Penser ce qui se passe et ce qui nous arrive, pour faire grandir

Quand filmer, c’est ouvrir une fenêtre

Publié le 28 Janvier 2026 par Jean Mirguet dans Cinéma

Le Cannibale de Milwaukee, documentaire du réalisateur Olivier Mirguet, diffusé actuellement sur Arte, se présente comme une remarquable et saisissante exploration du processus créatif ayant conduit le dessinateur Derf Backderf à publier Mon ami Dahmer (Éditions çà et là, 2013), récit des meurtres et perversions de celui qui fut son camarade de lycée, le serial killer Jeffrey Dahmer, qui finira assassiné dans sa cellule en 1994.

Dans son documentaire, le réalisateur insère avec subtilité et justesse des éléments de la bande dessinée, en particulier des portraits de l’étrange Dahmer ou des dessins des bois mystérieux de Bath et Richfield, ce coin d’Amérique où vivait Dahmer.

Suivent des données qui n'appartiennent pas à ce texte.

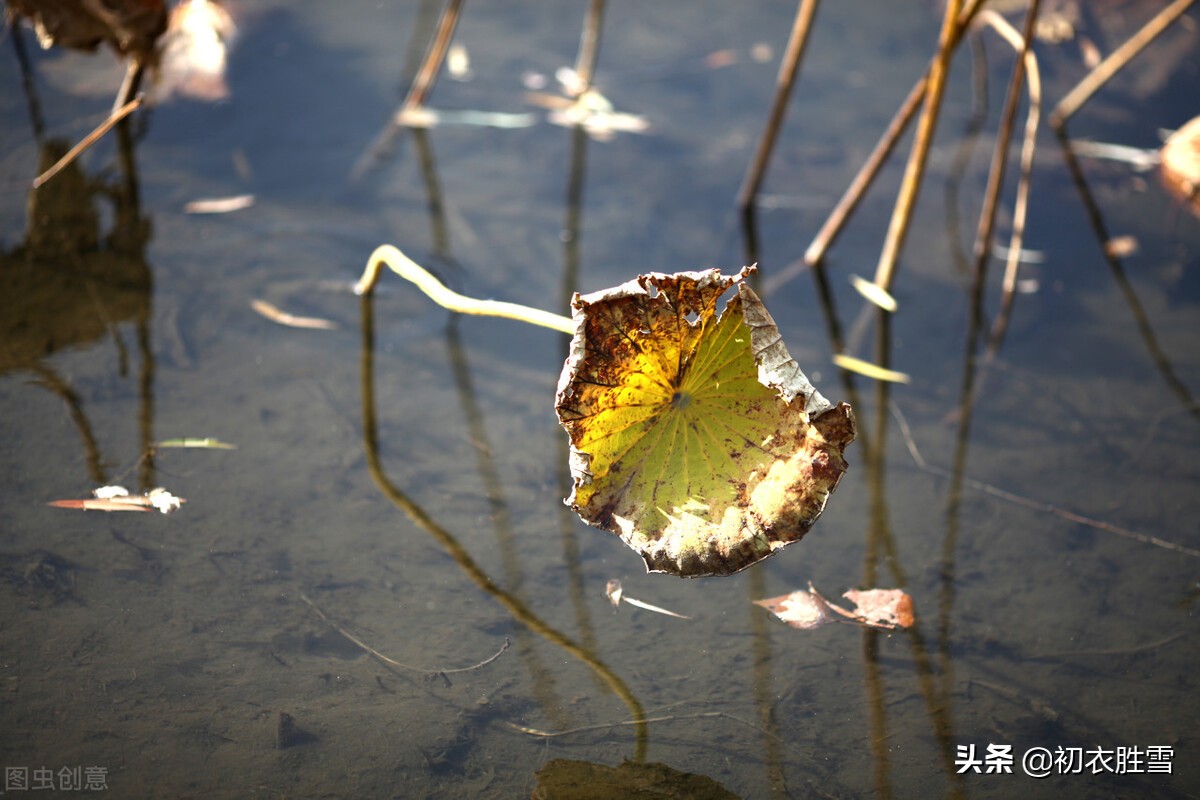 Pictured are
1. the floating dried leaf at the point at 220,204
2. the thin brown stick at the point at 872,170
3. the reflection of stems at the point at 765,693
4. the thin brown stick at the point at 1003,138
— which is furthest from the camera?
the floating dried leaf at the point at 220,204

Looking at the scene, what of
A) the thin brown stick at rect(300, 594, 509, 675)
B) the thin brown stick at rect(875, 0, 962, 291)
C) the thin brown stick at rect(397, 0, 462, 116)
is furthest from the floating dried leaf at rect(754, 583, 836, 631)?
the thin brown stick at rect(397, 0, 462, 116)

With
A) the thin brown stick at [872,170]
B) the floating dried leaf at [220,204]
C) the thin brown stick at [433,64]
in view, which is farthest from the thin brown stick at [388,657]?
the thin brown stick at [433,64]

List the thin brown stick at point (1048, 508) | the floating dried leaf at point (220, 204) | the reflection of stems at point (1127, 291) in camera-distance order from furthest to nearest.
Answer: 1. the floating dried leaf at point (220, 204)
2. the reflection of stems at point (1127, 291)
3. the thin brown stick at point (1048, 508)

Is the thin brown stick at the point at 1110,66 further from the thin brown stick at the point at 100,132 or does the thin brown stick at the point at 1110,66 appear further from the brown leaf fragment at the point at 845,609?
the thin brown stick at the point at 100,132

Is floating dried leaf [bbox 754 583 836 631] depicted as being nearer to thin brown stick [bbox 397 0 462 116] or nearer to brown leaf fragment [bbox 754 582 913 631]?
brown leaf fragment [bbox 754 582 913 631]

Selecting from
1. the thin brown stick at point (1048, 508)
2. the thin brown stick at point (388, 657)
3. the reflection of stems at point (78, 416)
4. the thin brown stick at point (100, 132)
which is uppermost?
the thin brown stick at point (100, 132)

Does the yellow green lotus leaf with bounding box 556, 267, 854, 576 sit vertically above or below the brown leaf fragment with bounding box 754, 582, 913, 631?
above
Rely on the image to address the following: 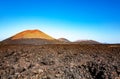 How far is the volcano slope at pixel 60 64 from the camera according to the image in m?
8.15

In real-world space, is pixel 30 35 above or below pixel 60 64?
above

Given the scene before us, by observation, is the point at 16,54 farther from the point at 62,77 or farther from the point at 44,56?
the point at 62,77

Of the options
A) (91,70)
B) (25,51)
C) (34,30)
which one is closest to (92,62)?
(91,70)

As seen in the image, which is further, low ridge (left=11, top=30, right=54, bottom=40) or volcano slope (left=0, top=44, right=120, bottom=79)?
low ridge (left=11, top=30, right=54, bottom=40)

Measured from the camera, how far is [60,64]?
350 inches

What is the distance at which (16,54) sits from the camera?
1029cm

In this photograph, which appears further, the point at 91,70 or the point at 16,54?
the point at 16,54

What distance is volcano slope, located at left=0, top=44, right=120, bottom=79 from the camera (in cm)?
815

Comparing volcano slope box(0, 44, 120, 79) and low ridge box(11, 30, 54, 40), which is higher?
low ridge box(11, 30, 54, 40)

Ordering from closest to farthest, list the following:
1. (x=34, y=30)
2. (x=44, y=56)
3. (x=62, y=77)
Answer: (x=62, y=77), (x=44, y=56), (x=34, y=30)

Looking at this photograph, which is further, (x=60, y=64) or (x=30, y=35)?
(x=30, y=35)

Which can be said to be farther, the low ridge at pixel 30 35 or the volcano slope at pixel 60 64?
the low ridge at pixel 30 35

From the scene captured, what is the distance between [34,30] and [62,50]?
99.9 feet

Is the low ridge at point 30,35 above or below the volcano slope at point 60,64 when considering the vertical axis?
above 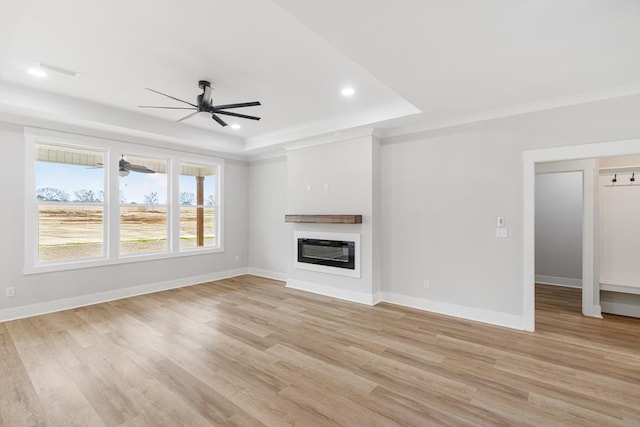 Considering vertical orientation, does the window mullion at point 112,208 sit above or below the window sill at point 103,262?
above

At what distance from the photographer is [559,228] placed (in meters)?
5.99

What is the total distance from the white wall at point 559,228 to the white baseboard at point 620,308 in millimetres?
1686

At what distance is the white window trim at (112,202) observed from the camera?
4195mm

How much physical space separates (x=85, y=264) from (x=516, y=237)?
6061 millimetres

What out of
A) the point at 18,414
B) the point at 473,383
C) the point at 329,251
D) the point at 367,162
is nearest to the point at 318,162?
the point at 367,162

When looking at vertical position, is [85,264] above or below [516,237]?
below

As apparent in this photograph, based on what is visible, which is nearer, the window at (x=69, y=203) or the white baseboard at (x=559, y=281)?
the window at (x=69, y=203)

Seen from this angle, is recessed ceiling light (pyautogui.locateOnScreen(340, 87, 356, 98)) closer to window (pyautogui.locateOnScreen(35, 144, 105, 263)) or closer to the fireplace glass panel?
the fireplace glass panel

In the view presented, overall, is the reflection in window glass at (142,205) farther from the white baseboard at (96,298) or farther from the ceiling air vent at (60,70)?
the ceiling air vent at (60,70)

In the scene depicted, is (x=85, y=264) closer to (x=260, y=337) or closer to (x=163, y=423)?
(x=260, y=337)

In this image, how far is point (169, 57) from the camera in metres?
2.91

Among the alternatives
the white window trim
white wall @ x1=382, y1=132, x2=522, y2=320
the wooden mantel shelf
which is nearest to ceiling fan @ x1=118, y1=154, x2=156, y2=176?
the white window trim

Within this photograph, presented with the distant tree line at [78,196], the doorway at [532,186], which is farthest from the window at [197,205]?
the doorway at [532,186]

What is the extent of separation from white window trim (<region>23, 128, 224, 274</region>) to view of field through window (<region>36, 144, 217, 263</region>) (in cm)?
7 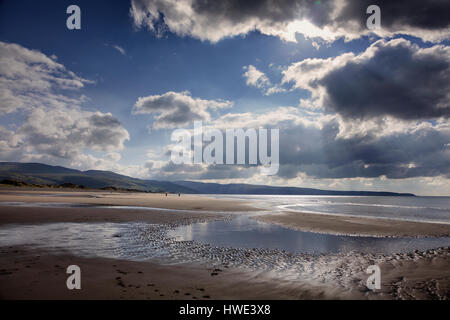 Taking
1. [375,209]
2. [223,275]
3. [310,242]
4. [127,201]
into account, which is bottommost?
[375,209]

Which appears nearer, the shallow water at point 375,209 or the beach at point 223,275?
the beach at point 223,275

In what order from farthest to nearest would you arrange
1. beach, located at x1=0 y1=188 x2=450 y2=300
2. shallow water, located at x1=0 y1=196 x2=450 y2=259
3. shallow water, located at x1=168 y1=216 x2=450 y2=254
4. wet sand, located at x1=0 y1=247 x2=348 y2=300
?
shallow water, located at x1=168 y1=216 x2=450 y2=254
shallow water, located at x1=0 y1=196 x2=450 y2=259
beach, located at x1=0 y1=188 x2=450 y2=300
wet sand, located at x1=0 y1=247 x2=348 y2=300

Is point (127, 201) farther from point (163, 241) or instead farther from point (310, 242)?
point (310, 242)

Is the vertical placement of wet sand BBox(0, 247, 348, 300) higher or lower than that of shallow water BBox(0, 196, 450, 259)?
higher

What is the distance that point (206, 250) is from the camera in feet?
48.7

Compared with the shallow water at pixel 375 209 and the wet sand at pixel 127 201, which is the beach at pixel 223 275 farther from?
the shallow water at pixel 375 209

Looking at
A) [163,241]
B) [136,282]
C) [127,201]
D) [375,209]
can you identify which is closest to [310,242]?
[163,241]

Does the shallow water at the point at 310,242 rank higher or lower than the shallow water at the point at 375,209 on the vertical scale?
higher

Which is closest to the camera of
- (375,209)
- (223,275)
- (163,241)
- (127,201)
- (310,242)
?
(223,275)

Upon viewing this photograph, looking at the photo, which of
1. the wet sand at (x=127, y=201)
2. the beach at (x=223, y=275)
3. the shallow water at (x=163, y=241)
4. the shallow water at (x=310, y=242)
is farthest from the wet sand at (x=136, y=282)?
the wet sand at (x=127, y=201)

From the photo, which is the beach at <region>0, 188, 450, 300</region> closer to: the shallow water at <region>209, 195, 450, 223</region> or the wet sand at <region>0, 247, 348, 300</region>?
the wet sand at <region>0, 247, 348, 300</region>

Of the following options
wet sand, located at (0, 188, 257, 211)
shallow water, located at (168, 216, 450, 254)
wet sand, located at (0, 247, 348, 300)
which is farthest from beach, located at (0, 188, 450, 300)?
wet sand, located at (0, 188, 257, 211)

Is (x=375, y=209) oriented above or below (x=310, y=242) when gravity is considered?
below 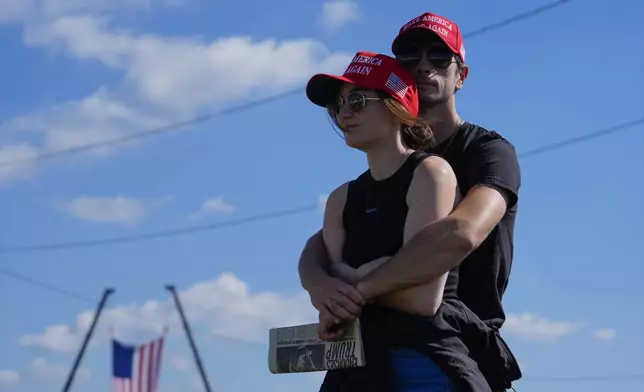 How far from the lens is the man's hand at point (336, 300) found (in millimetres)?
3102

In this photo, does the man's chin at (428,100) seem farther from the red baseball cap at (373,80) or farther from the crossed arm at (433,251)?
the crossed arm at (433,251)

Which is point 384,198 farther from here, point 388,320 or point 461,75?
point 461,75

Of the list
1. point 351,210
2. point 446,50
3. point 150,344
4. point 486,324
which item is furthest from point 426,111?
point 150,344

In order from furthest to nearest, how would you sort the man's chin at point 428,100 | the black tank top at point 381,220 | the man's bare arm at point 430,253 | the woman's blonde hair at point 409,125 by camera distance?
the man's chin at point 428,100 < the woman's blonde hair at point 409,125 < the black tank top at point 381,220 < the man's bare arm at point 430,253

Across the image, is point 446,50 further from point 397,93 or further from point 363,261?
point 363,261

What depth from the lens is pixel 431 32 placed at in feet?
12.1

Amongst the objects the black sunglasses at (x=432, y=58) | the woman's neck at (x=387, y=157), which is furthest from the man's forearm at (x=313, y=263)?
the black sunglasses at (x=432, y=58)

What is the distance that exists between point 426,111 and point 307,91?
398mm

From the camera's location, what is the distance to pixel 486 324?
3.35 metres

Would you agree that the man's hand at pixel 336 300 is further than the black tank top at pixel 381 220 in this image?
No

Il se dégage des images un climat d’étrangeté voire d’inquiétante étrangeté, ce trouble qui nous gagne lorsque quelque chose d’intime ou de familier surgit comme une bizarrerie, au point d’en être effrayant.

 

« Dahmer surgit sans cesse là où on ne l’attend pas », dit Backderf dans une interview réalisée à l’occasion de la sortie du documentaire. Or, c’est sur ce surgissement que s’ouvrent les premières images : sur une route bordée par la forêt, une voiture une mythique AMC Pacer conduite par Backderf lui-même se dirige vers le spectateur ; cette voiture des années 70 est celle de sa jeunesse. Aussi, sommes-nous mis d’emblée en présence d’une temporalité marquée par l’intrication du passé et du présent.

Le réalisateur donne à cette entrée en matière une tonalité qui plonge le spectateur dans un paysage et un climat gorgé de lourds secrets, créant un malaise diffus que vient amplifier, une voix diaphane, presque absente qui, accompagnée de la musique originale de Jorge Ro et Matteo Leocasciulli,  chante : « I am trying so hard to let you in, but the windows are all boarded up »[1], paroles inspirées du groupe anglais de post-punk, Joy Division.

Tels des passagers embarqués dans l’AMC Pacer, nous voici emportés dans un voyage vers Bath et Richfield, « ce coin tranquille de l’Ohio où il ne se passe jamais rien « …  Jusqu’à ce jour où Sheryl Harris, l’épouse de Backderf, lui apprend l’arrestation de Dahmer. C’est alors que « tout a changé … comme si j’avais reçu un coup sur la tête.». 

Backderf retrouve alors ses dessins de lycéen, ceux qui représentent Dahmer, ce type bizarre dont lui et sa bande ont fait une sorte de fétiche, créant même un « fan-club de Dahmer ». 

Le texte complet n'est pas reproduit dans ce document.